Copy out exactly the stretch of the listing below that begins at the line containing "경상남도 진주시 평거동 상가 사진 1" and ends at the line containing "Thumbnail: 2023 Tesla Model 3 - 9", and copy nothing outside it.

> DATA LISTING
————————
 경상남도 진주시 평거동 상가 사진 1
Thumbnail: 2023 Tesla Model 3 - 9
————————
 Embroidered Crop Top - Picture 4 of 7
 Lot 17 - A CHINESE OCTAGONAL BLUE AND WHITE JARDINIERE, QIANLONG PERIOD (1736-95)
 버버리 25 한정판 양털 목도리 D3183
————————
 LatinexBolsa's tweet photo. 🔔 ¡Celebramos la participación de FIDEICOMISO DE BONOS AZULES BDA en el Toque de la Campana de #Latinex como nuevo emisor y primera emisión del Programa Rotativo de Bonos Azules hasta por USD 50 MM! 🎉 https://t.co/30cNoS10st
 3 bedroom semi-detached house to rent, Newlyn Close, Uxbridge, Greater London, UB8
————————
> RESPONSE
 경상남도 진주시 평거동 상가 사진 1
Thumbnail: 2023 Tesla Model 3 - 9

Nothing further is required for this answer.